Comment 4 for bug 1400497

Revision history for this message
Christian Schwede (cschwede) wrote : Re: [Bug 1400497] Re: swift-ring-builder not distributing partitions evenly between zones

Hello Tim,

On 09.12.14 23:43, Tim Leak wrote:
> Thanks for the response, Christian. I understand now that the
> device weight is being considered when the partitions are assigned,
> but what I am seeing is that this behavior can cause both copies of
> ingested content to be stored on devices in the same zone. Again,
> this seems to break a fundamental concept of swift:
>
> <from the Swift Architectural Overview, under The Ring> "Data can be
> isolated with the concept of zones in the ring. Each replica of a
> partition is guaranteed to reside in a different zone. A zone could
> represent a drive, a server, a cabinet, a switch, or even a
> datacenter."

Yes, you're right - unfortunately this section in the documents was not
updated with the patch.
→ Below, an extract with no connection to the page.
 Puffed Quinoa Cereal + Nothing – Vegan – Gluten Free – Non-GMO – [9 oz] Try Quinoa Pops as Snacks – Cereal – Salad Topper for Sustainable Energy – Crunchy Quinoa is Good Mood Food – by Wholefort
I submitted a patch for this:

https://review.openstack.org/#/c/140478/

> I would expect that the weight of the devices would need be
> considered when assigning partitions within a zone, say to allow a
> 3TB disk to be allocated more partitions than a 1TB disk. I would
> not expect that the cumulative weights of the zones would need to be
> the same in order to guarantee that copies of ingested data are
> isolated.

So, let's take the following example: you have one zone with 10 x 4 TB
disks, and assigned a weight of 10 x 4000. Another zone has 10 x 2 TB
disks, and a weight of 10 x 2000. Now the second zone will run out of
space very quickly (with Swift < 2.1), so you have to assign more space
to this zone - and by doing this you also assign more weight.

> If this is by design, and I do need to guarantee that different
> copies of a piece of ingested content are stored on devices in
> different zones, then what specific characteristics do I need to
> configure for the devices/zones in order to make that happen?

This is by design. The problem is when you have less regions/zones/nodes
than replicas and add a new region/zone/replica. Before Swift 2.1 one
replica of each partition was moved to the new region/zone - and this is
a huge impact for larger deployments or deployments with a lot of
requests. By including the weight into the calculation it is now
possible to control the data that will be moved to other regions/zones.

The documentation recommends 5 zones, and in that case (or rings with
even more zones) you only have to ensure that none of the zones has a
weight of more than 1/replicas * total weight assigned. This should be
the case if all of your zones are similar sized.

The submitted patch will now raise a warning after rebalancing if there
is any tier at risk.

> Is there any difference when I introduce different regions for
> further isolation?

No, it's the same behavior.

Let me know if you have more questions on this. I can also have a look
at a specific ring if you can share that data.

Best,

Christian